**Data:**
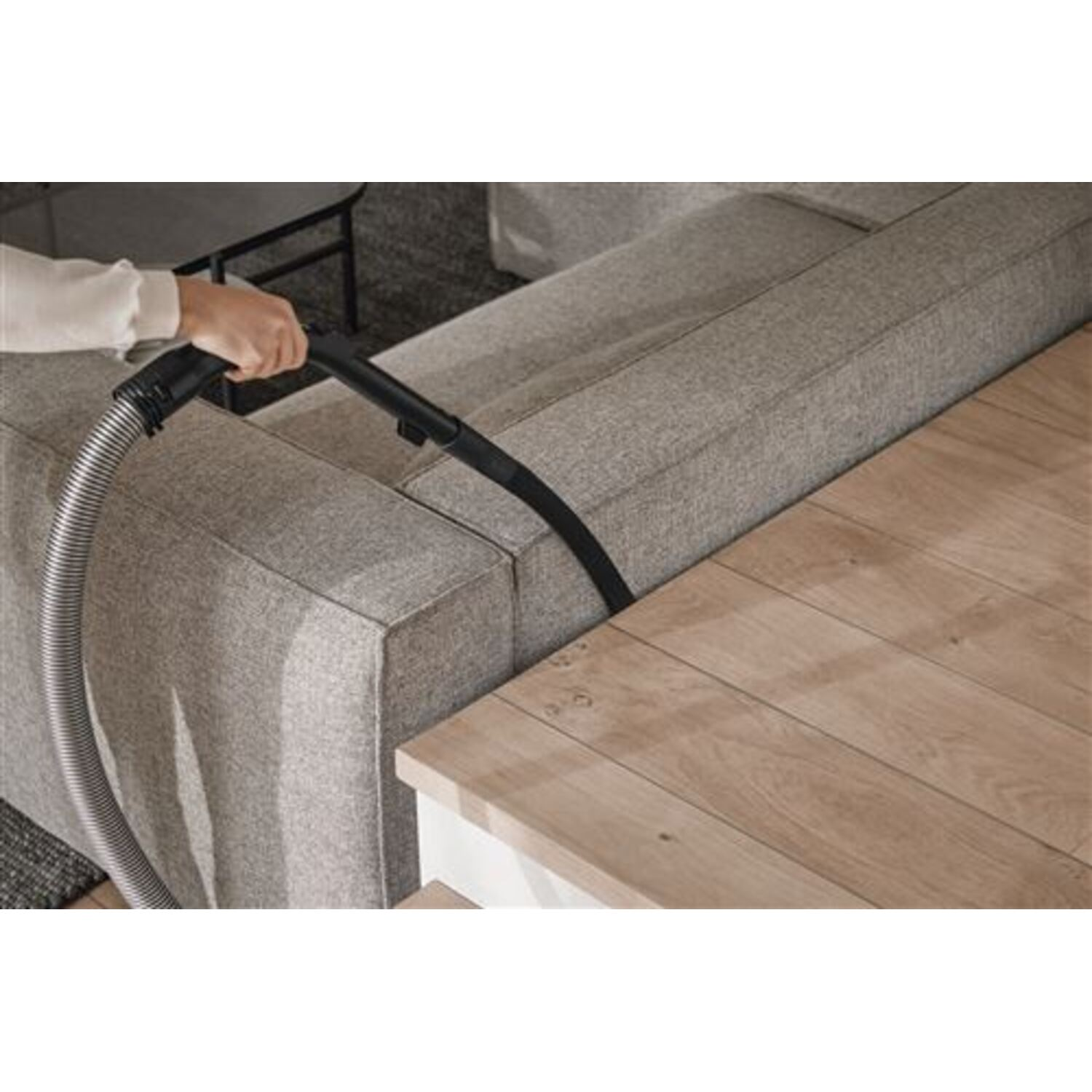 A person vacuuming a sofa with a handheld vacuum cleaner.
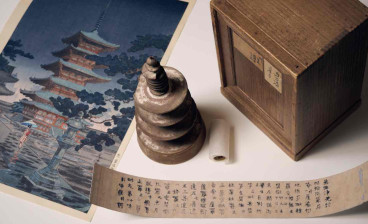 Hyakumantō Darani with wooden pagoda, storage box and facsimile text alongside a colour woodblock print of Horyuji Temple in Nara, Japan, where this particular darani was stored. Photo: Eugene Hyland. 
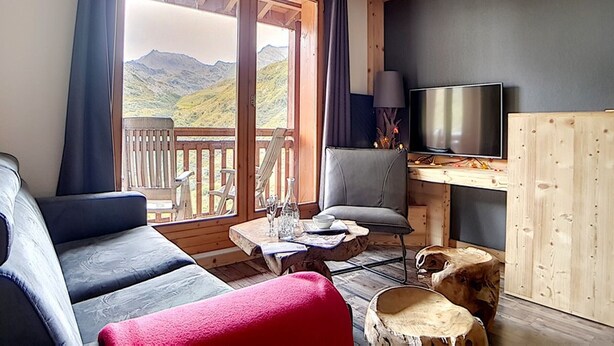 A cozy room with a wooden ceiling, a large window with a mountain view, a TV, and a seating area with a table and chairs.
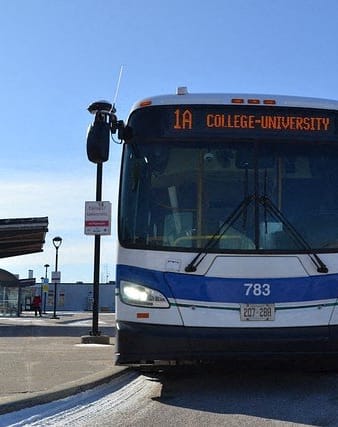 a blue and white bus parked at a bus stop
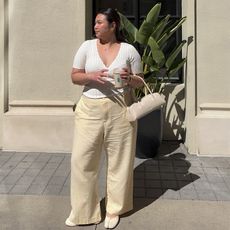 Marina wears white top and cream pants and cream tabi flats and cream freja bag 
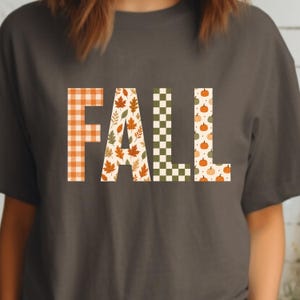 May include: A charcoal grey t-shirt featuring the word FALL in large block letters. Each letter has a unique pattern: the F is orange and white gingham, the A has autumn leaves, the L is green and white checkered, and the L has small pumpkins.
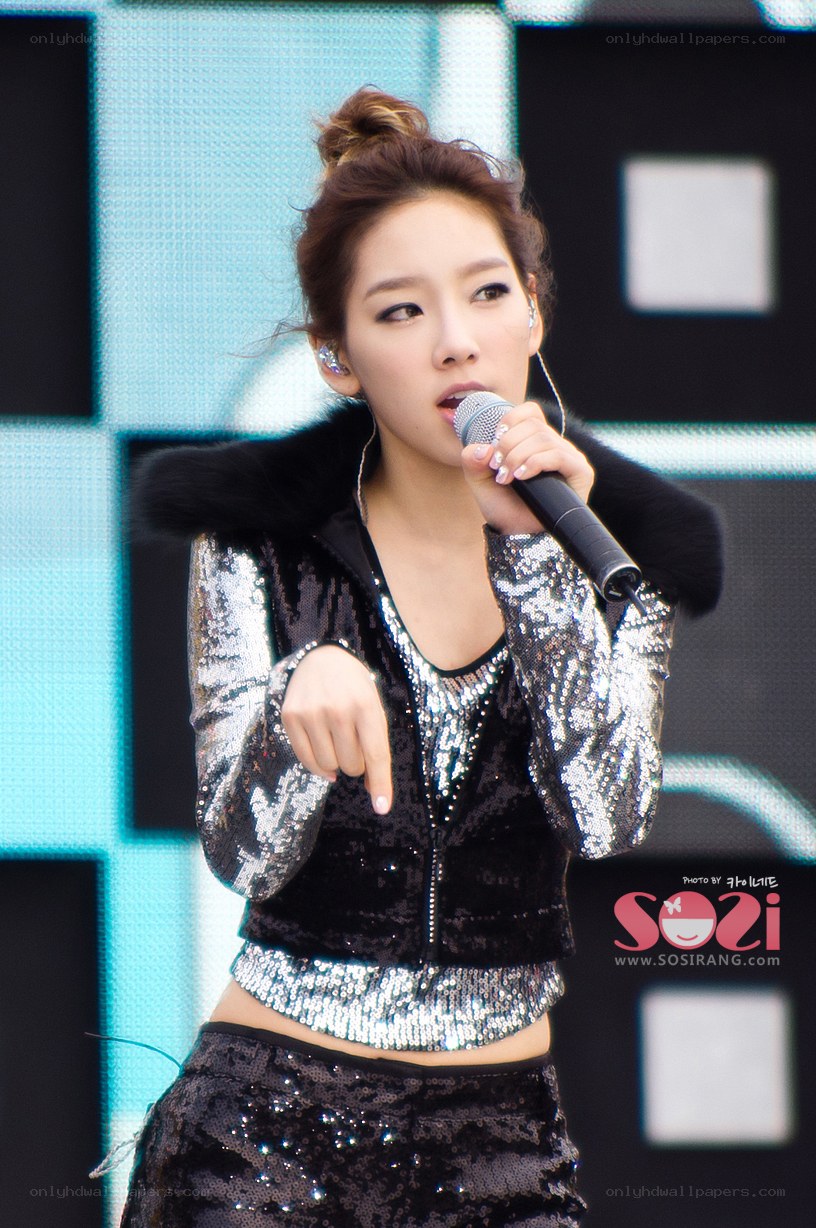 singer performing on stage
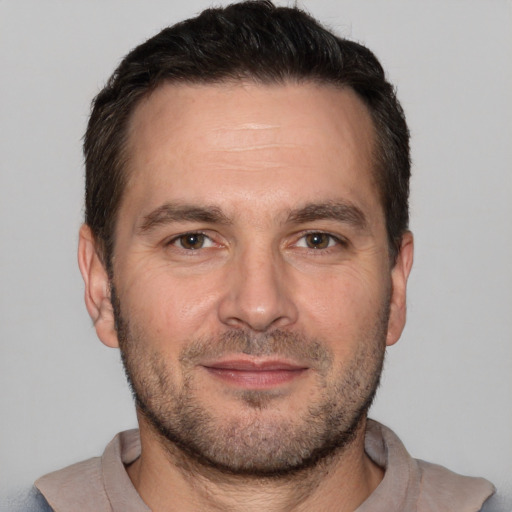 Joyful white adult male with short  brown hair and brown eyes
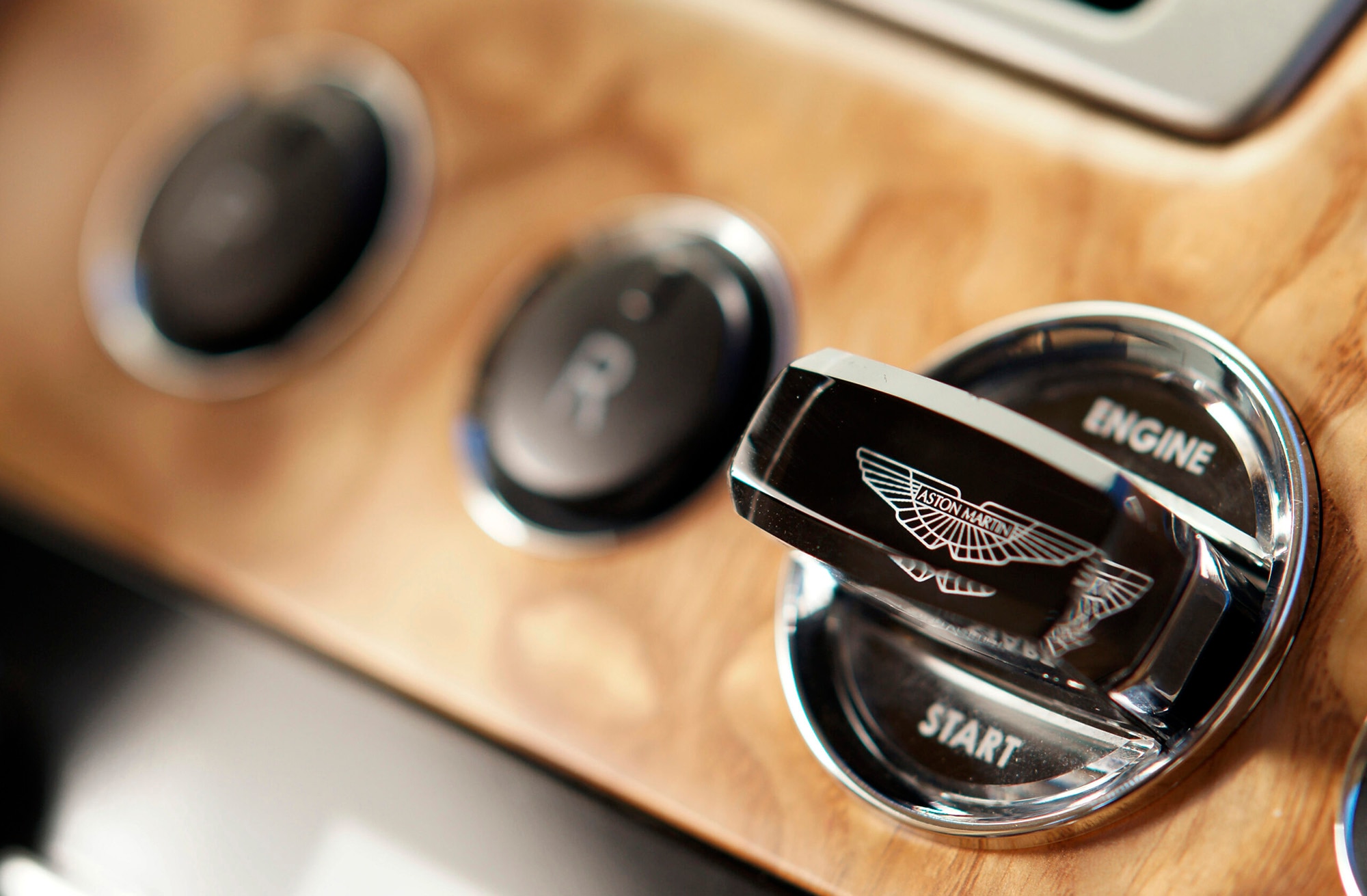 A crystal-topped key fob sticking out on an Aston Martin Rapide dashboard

**Task:** Print the entries again exactly as they appear above. Do not print the pictures.

**Written response:**
 A person vacuuming a sofa with a handheld vacuum cleaner.
 Hyakumantō Darani with wooden pagoda, storage box and facsimile text alongside a colour woodblock print of Horyuji Temple in Nara, Japan, where this particular darani was stored. Photo: Eugene Hyland. 
 A cozy room with a wooden ceiling, a large window with a mountain view, a TV, and a seating area with a table and chairs.
 a blue and white bus parked at a bus stop
 Marina wears white top and cream pants and cream tabi flats and cream freja bag 
 May include: A charcoal grey t-shirt featuring the word FALL in large block letters. Each letter has a unique pattern: the F is orange and white gingham, the A has autumn leaves, the L is green and white checkered, and the L has small pumpkins.
 singer performing on stage
 Joyful white adult male with short  brown hair and brown eyes
 A crystal-topped key fob sticking out on an Aston Martin Rapide dashboard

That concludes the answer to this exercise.